La Description du malheur, ouvrage du regretté Sebald consacré à la littérature autrichienne, a été publié il y a quelques mois chez Actes Sud. La traduction par Patrick Charbonneau, qui signe également, aux éditions Fario, celle de Nul encore n’a dit du même auteur, offre une occasion, pour l’amoureux ou l’inconnu de l’œuvre de cet immense auteur allemand, de découvrir ou redécouvrir un Sebald d’avant Les anneaux de Saturne ou Austerlitz. Cette publication, loin d’être une introduction à son œuvre, constitue surtout une entrée, à travers la vision et la plume de Sebald, de la littérature autrichienne.
L’ambition de Sebald, dans cet ouvrage, ne consiste pas à dresser la liste exhaustive des grands noms de la littérature autrichienne, ni de les replacer, sciemment, chronologiquement, dans un contexte historico-culturel particulier. La périodisation voulue par Sebald entend plutôt « faire ressortir quelques conjonctions spécifiques qui semblent constitutives de la littérature autrichienne, si tant est que celle-ci existe ». Pour ce faire, il mène son histoire personnelle de la littérature autrichienne à travers dix analyses, consacrées chacune, dans l’ordre, à Stifter, Schnitzler, Hofmannsthal, Kafka, Canetti, Bernhard, Handke, Herbeck, Roth, pour terminer sur un rapprochement entre Stifter et Handke.

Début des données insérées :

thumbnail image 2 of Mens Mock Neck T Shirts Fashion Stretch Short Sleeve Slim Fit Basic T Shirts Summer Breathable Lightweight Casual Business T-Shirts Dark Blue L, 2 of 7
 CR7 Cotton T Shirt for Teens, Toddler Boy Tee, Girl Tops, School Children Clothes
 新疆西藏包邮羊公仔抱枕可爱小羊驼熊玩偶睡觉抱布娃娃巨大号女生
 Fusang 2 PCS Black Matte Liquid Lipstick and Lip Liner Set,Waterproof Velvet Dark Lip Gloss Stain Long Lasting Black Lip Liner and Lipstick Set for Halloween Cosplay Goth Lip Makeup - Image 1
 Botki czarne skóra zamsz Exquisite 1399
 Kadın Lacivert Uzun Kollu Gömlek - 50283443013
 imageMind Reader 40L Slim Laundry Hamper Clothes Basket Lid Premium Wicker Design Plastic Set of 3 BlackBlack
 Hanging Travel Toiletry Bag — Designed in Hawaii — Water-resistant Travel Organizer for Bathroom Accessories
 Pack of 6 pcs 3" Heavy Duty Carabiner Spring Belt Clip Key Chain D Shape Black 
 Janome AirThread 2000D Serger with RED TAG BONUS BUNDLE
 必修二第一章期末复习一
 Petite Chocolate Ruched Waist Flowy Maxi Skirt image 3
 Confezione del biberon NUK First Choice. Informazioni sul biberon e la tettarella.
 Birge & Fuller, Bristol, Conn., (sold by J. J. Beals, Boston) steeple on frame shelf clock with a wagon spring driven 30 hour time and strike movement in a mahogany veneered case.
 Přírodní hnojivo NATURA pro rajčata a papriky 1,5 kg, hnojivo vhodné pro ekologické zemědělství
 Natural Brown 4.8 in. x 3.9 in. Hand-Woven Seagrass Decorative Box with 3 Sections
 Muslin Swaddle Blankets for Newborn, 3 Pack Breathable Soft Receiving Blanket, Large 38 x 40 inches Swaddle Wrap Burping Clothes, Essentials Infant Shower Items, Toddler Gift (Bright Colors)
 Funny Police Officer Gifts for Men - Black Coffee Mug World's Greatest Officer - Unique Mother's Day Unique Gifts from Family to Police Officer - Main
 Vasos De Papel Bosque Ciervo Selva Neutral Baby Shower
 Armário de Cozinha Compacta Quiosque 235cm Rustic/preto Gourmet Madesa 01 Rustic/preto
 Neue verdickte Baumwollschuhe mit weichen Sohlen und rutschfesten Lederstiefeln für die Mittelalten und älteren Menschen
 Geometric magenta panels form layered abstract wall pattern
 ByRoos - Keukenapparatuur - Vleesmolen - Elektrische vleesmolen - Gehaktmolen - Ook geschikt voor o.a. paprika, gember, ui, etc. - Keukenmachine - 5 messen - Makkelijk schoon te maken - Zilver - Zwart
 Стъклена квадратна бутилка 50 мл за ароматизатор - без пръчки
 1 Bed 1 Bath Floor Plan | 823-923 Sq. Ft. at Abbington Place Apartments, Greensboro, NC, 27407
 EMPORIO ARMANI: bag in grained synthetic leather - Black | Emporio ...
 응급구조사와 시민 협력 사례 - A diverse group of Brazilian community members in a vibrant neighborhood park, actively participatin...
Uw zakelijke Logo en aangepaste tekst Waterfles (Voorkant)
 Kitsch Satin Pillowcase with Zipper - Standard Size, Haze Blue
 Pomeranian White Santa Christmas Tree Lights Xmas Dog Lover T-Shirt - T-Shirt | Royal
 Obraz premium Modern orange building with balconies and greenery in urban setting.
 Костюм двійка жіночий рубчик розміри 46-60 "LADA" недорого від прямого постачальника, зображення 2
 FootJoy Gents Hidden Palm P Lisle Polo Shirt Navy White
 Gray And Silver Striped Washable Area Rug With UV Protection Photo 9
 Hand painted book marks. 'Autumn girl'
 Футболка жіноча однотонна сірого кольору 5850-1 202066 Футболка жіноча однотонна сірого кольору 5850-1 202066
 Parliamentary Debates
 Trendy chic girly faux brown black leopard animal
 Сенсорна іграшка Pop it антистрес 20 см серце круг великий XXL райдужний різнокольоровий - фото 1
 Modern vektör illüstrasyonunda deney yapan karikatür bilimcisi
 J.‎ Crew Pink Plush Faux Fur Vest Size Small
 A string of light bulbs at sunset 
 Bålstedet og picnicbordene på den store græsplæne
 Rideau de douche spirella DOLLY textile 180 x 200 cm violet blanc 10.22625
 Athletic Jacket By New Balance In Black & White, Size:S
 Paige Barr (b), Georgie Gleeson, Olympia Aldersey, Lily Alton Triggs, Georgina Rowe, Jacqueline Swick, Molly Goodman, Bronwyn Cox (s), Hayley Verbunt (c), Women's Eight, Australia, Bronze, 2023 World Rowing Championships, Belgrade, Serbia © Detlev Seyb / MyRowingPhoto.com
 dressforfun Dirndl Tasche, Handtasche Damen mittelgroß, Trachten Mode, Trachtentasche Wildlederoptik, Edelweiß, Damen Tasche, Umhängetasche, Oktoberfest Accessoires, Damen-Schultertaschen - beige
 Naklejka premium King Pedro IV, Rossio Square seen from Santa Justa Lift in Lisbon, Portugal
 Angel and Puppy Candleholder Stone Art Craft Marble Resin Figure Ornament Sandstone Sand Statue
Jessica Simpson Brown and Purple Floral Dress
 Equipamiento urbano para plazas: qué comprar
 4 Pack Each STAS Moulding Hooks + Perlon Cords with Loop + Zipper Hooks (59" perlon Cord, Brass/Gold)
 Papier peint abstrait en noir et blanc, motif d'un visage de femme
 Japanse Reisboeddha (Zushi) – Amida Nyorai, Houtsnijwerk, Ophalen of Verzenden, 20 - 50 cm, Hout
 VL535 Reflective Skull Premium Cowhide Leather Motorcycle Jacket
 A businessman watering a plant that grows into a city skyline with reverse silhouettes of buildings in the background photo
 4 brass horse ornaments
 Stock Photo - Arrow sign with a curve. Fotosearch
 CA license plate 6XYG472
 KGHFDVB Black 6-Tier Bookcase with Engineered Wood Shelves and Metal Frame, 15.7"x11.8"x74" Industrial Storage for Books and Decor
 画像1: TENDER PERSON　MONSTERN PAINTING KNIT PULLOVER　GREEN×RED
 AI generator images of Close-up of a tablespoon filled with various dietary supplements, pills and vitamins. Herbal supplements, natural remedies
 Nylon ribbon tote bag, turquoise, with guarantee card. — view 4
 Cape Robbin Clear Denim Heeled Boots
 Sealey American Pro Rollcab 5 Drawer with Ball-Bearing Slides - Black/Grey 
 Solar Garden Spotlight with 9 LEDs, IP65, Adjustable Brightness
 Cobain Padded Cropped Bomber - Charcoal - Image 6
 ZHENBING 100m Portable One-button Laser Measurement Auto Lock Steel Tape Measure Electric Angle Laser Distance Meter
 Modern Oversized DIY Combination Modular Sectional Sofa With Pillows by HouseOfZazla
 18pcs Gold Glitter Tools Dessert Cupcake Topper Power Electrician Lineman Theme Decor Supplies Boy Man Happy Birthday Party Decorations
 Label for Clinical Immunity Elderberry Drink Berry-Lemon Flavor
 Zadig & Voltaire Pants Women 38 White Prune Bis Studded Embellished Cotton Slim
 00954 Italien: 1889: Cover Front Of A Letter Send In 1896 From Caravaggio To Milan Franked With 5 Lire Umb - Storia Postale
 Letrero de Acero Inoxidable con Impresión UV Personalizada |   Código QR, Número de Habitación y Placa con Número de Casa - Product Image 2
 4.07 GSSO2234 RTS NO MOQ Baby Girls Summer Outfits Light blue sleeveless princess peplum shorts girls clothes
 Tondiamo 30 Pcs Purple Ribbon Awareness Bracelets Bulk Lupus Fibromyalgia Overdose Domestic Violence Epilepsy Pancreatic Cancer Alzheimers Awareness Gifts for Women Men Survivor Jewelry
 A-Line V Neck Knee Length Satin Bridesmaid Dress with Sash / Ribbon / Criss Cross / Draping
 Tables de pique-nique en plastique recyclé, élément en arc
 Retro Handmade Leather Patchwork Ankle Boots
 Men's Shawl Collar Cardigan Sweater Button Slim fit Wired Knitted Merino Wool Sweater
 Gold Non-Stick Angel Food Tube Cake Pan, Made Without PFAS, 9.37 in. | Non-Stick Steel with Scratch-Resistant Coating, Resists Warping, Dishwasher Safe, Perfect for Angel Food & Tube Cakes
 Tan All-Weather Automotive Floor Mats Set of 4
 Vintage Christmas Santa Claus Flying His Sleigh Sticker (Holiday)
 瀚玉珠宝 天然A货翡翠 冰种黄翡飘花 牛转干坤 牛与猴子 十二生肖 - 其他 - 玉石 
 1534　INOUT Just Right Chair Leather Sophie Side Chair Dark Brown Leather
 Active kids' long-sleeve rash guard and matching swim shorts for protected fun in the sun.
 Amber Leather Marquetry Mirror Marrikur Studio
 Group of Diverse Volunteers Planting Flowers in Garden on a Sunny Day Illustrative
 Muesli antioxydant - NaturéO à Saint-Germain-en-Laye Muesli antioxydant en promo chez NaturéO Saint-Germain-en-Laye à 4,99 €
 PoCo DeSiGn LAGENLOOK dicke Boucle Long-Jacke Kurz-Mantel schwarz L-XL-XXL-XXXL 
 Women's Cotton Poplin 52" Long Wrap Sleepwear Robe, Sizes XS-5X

Sebald, donc, soustrait à une vaste littérature quelques figures à travers lesquelles plusieurs éléments seront examinés. On navigue, dans cet essai, comme dans ses romans, d’auteur en auteur, de temps en temps : Sebald se pose avant tout en lecteur. Et il part d’un constat assez pessimiste : « la proportion de vies malheureuses dans l’histoire de la littérature autrichienne est tout sauf rassurante ». Ce constat, en plus de lui permettre d’avancer quelques hypothèses quant à la relation que l’écriture et les écrivains ont pu entretenir avec l’histoire de leur pays – celle, par exemple, selon laquelle la fin de l’Empire d’Autriche entraînerait, de fait, dans la conscience collective, l’idée d’un déclin certain – débouche sur une autre problématique capitale : l’importance de la littérature autrichienne – et partant, de la littérature tout court – par rapport à la psychanalyse. « S’il est juste de dire que l’on ne pourrait lire Schnitzler sans Freud, écrit Sebald, le contraire est également vrai ». La littérature autrichienne, ancêtre de la psychologie, a par la suite, tout au long du XXe, rivalisé avec elle, voire, selon Sebald, l’aurait anticipée. L’écrivain hongrois Kosztolanyi écrira de la même manière ces mots :
La psychanalyse, j’ai appris à la connaître dans ma jeunesse. Je lui dois beaucoup. Mais la création littéraire se nourrit de couches gisant à une telle profondeur dans l’inconscient que même la psychanalyse, cette science naturelle de notre vie intérieure, est incapable de les atteindre.
La littérature, par ses techniques, son statut – pensons, avec Sebald, au roman comme art temporel – ainsi que la longue et parfois douloureuse maturation qui la voit advenir, a la possibilité de voir plus loin que ne le pourrait la psychanalyse.